What Ferguson, MO Needs

Today has been a sobering day for the citizen’s of Ferguson, MO and the greater St. Louis area.

I don’t know if I have come across many blogs or Twitter users that have not had something to say about what we can learn about the rioting and protesting and judicial announcement surrounding the death of Michael Brown. Everyone has an angle; everyone has an opinion; most of us have a bias. And, granted, there are a myriad of lessons and meditations we need to have.

So I hesitate so say anything because so many have already said so much that is helpful. But I do want to make one contribution to the discussion and it is this: everything that has happened in Ferguson reminds me of how desperately our world needs the Gospel.

If you ever wanted evidence of how broken our world is it the last 24 hours. Seeing people go out of their minds because a grand jury didn’t go their way is evidence of a broken world. Hearing a step-father yelling for people to burn a building is evidence of a broken world. Blaming much of the violence and looting as evidence of racism is evidence of a broken world.

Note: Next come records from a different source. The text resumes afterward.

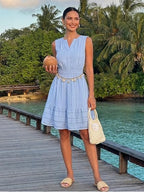 Women's 2026 Summer Casual Mini Sundress Beach Vacation Sleeveless V Neck Flowy A Line Dress with Pockets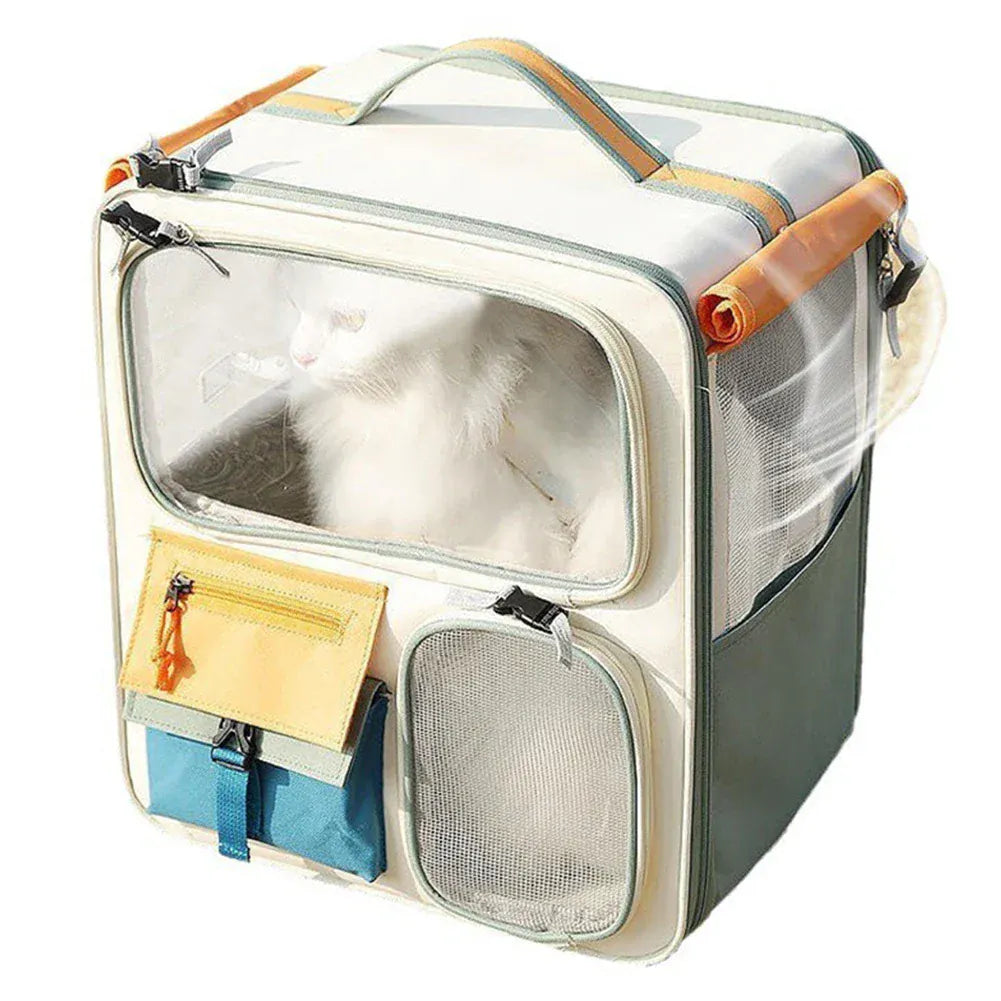 Transparent Window Pet Backpack - Large Capacity Dog & Cat Travel Carrier with Ventilated Mesh, Foldable Design for Car Camping & Hiking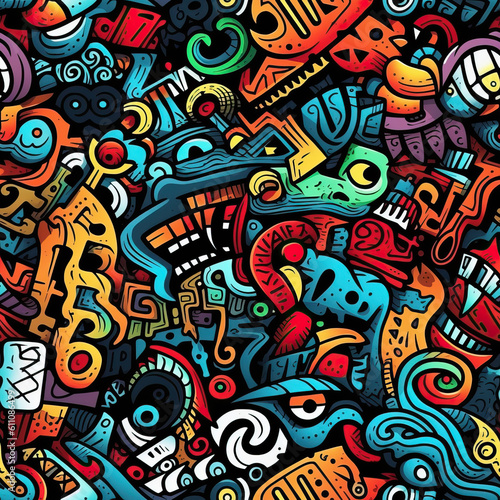 Funky doodles seamless repeat pattern - colorful abstract art [Generative AI] 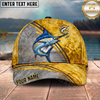 Maxcorners Fishing Metallic Gold Stripe Personalized Name 3D Cap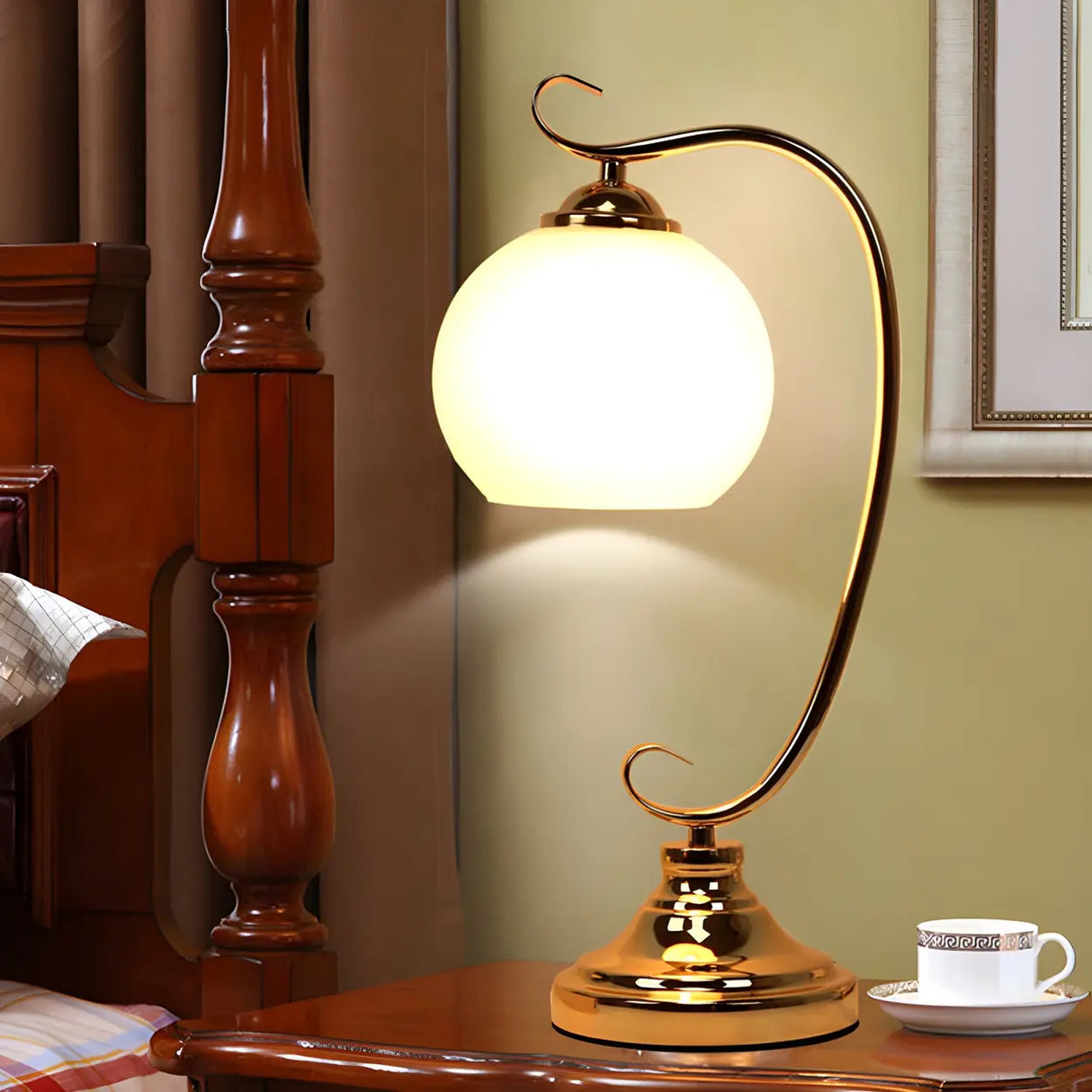 Elegant Dome Glass Shade Curved Metal Arm Table Lamp Image - 2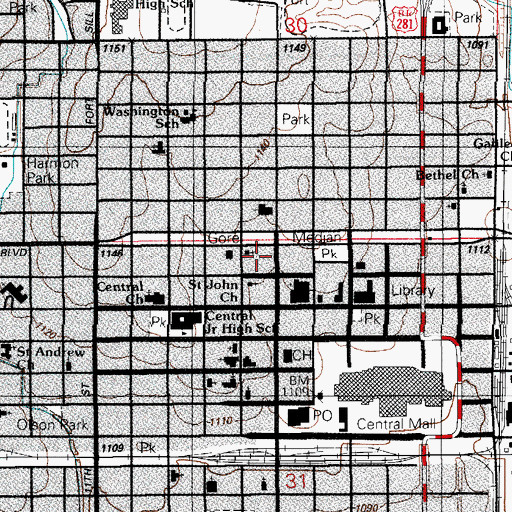 Topographic Map of Saint Marys School (historical), OK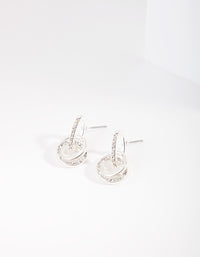 Silver Diamond Simulant Crystal Link Earrings - link has visual effect only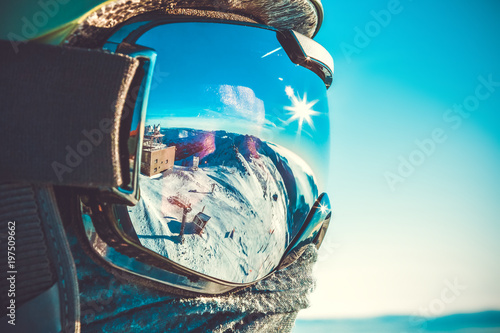 Winter sports concept - snowboarder in mask - outdoors shot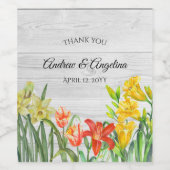 Botanische illustratie waterverf Spring Flowers Wijn Etiket (Enkel label)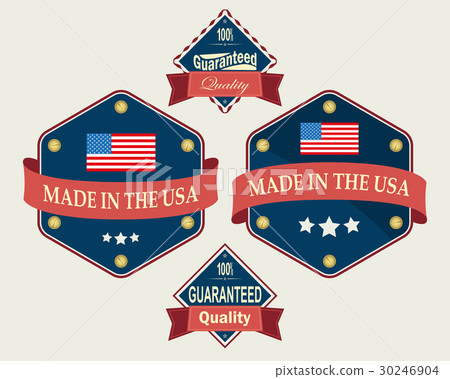 blue icon with USA flag set blue icon with USA flag set 30246904
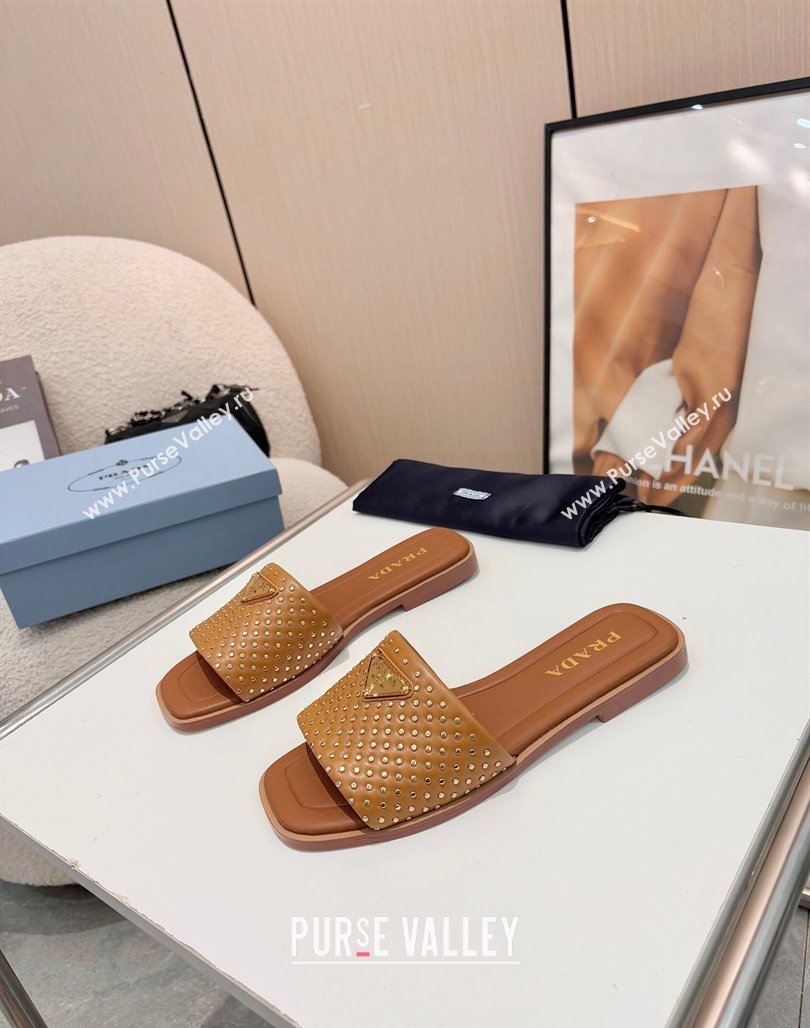 Prada Nappa leather flat slides sandal with studs Brown 2025 1XX760 (MD-250424137)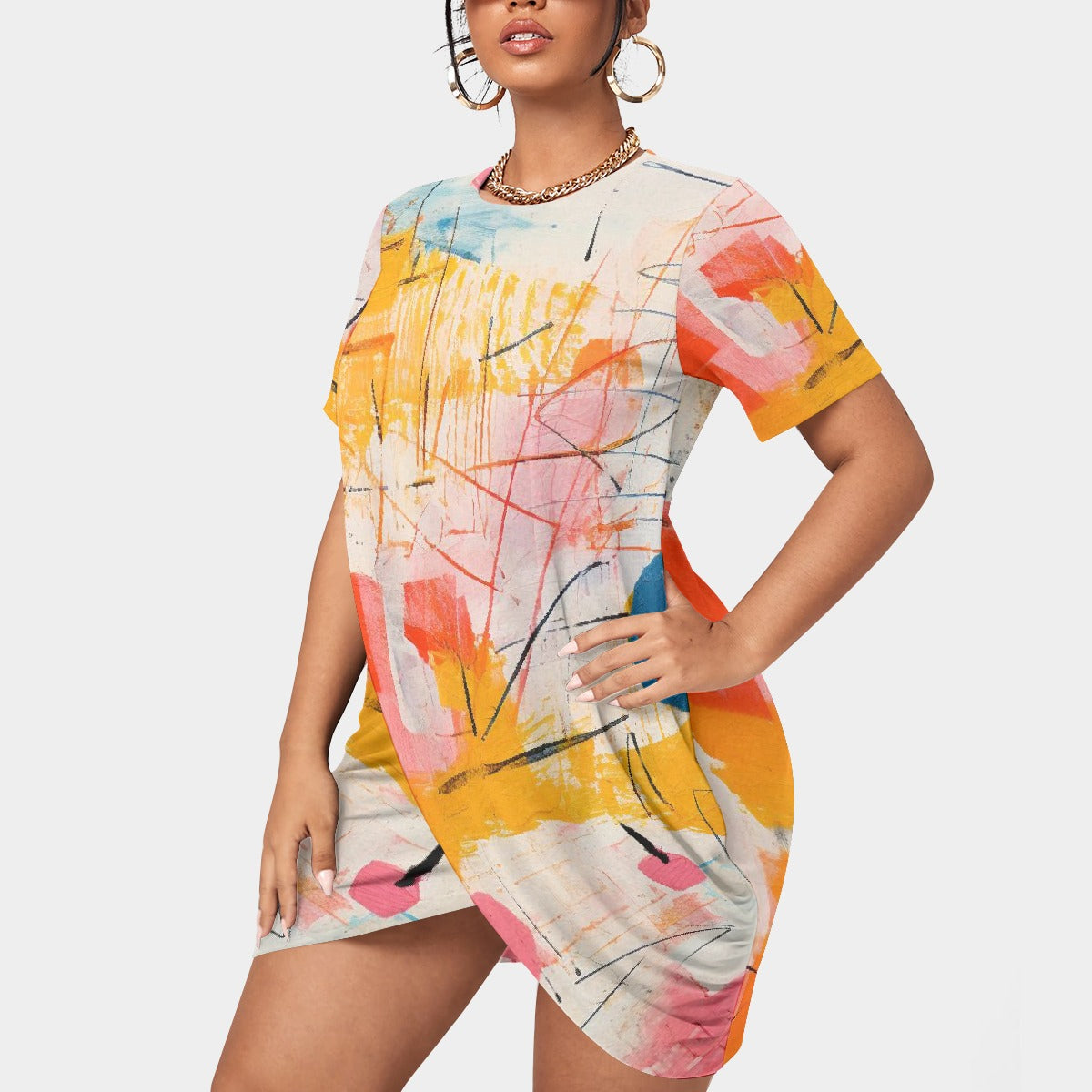 All-Over Print Women’s Stacked Hem Dress With Short Sleeve（Plus Size）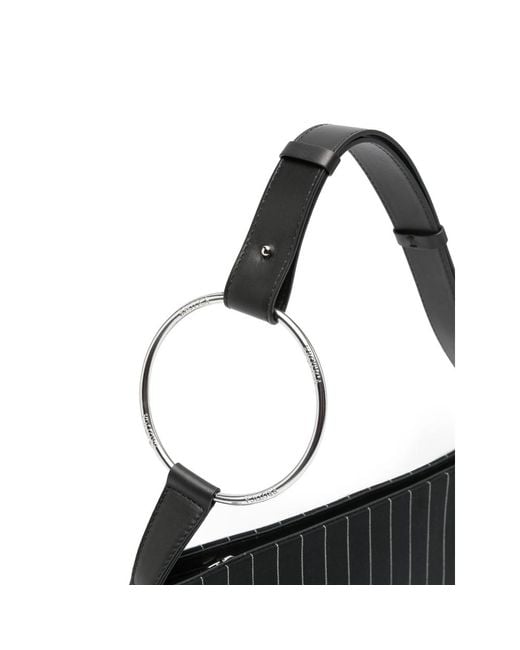 Dondup Black Pinstripe-Pattern Ring-Handle Clutch Bag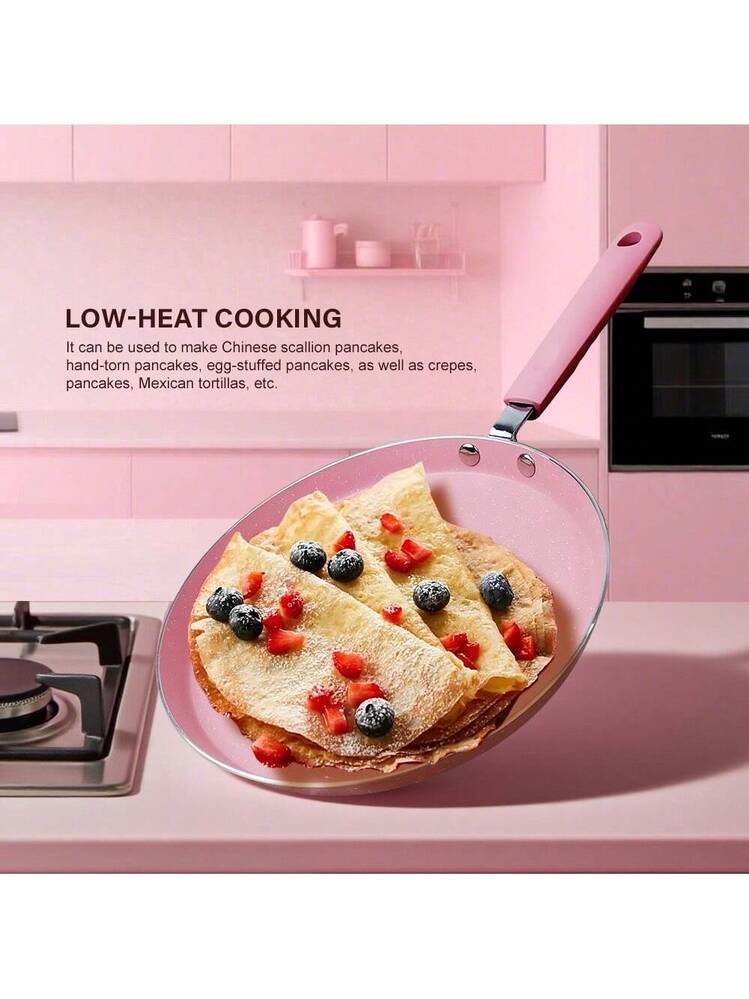 Set Pentole E Padelle Antiaderenti In Ceramica Rosa Cipria - 5 Pezzi Con Rivestimento Grigio Scintillante, Compatibili A Induzione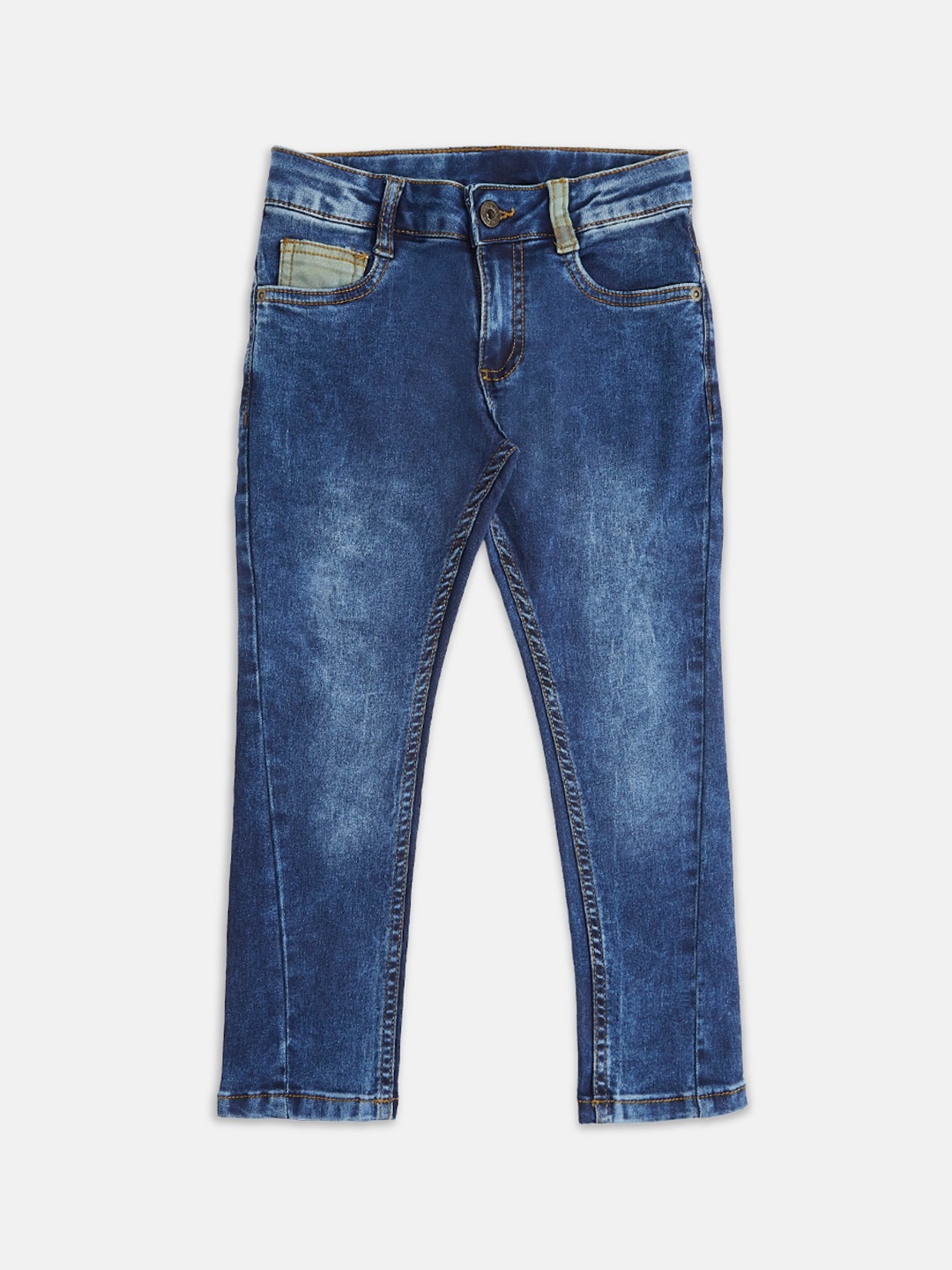 

Pantaloons Junior Boys Blue Tapered Fit Light Fade Jeans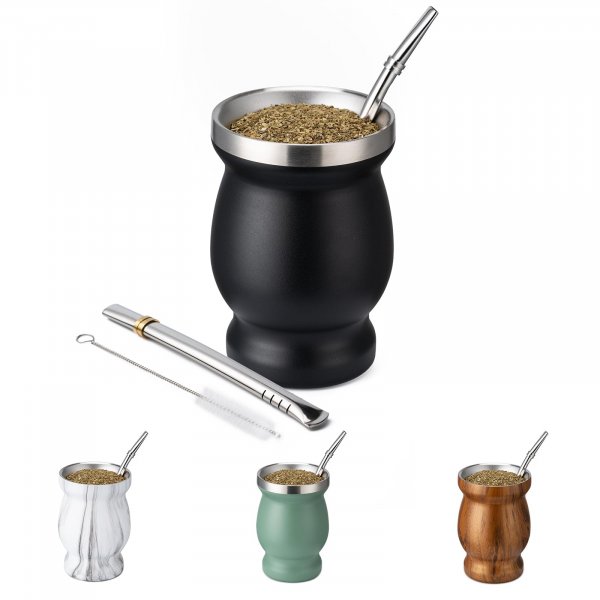 Husfunov 8oz Yerba Mate Cup, 304 Stainless Steel Double-Wall Mate Cup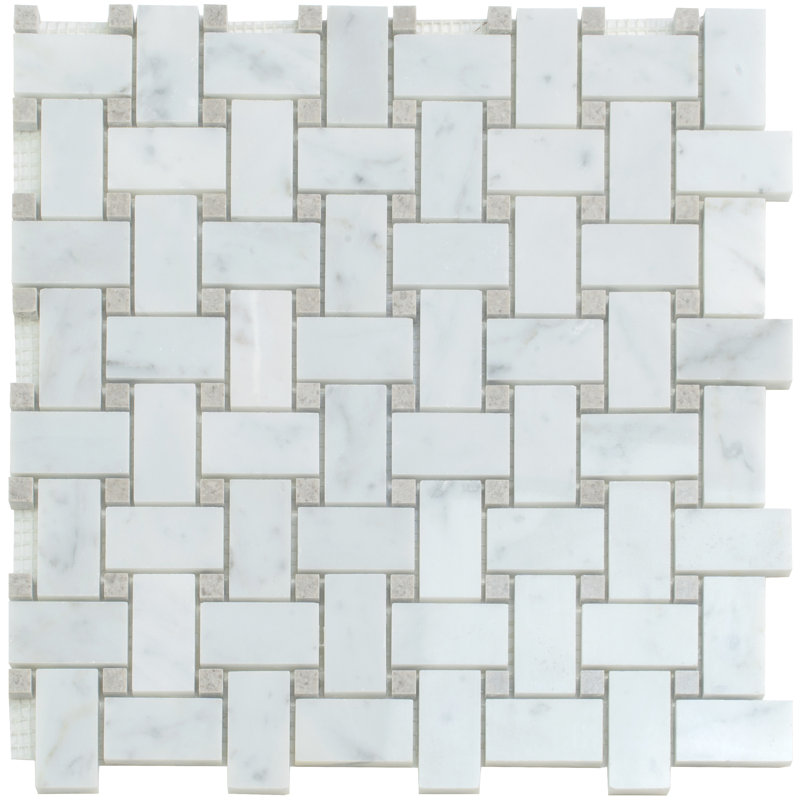 Carreau de mosaïque en pierre naturelle 12 po x 12 po, Blanc / beige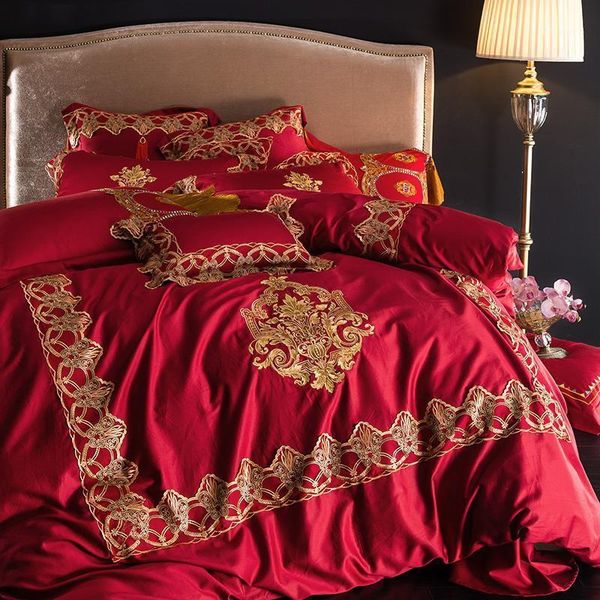 

43 4/7pcs golden bed sheet set  king size duvet cover pillowcases egyptian cotton red wedding bedding sets1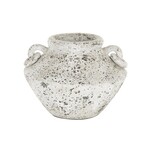 Uma White Ceramic Antique Style Textured Decorative Vase with Ring Handles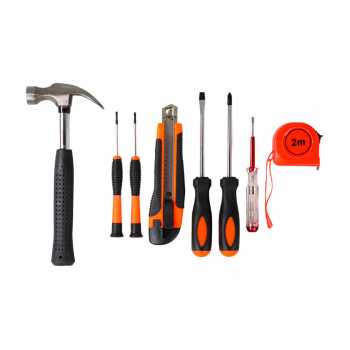 Set Perkakas Alat Pertukangan Palu Obeng Cutter Meteran Pen Tester Listrik 8 in 1 + Kotak Penyimpanan / Alat Perkakas Lengkap Tukang Rumah Bangunan Kayu Bengkel Anti Slip Tekiro Tool Set Tekiro Box Lengkap Komplit / Obeng Set Tekiro Original Multifungsi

This world we live in is fallen. Ever since Eve decided to take that piece of fruit from the forbidden tree, we have had cycles of killing, pillaging, violence, jealousy, hatred, etc. And we will continue to see more Ferguson’s in years to come … until the Lord tarries.

And here is more bad news: if you watch any major news outlet, you will not hear them give any hope. No one is going to show you light at the end of the tunnel. They will glamorize and popularize the darkness. They will report the events of the day, give their biased opinion, debate the facts and conclusions, etc. But none of them – not MSNBC nor FOX nor CNN – will ever cast and give real hope to the citizens of Ferguson or the rest of us watching the events unfold on our TV’s. None of them will give us hope that the curse doesn’t have to dominate our lives. None of them will say, “The Gospel solves our fallenness.”

You see II Corinthians 5:21 tells us that Jesus took on our fallenness – or He became our fallenness – to reconcile us to God. He did not to make sure that the cursed world we live in could experience redemption. (And I am thankful He softened my hard heart and reconciled me to Himself!)

The Gospel is the one truth you will not hear many people talk about right now in the middle of this Ferguson mayhem.

What Ferguson needs is the Gospel. What the grand jury needs is the Gospel. What Michael Brown’s family needs is the Gospel. What the St. Louis and Ferguson police departments need is the Gospel. What the civil rights leaders need is the Gospel.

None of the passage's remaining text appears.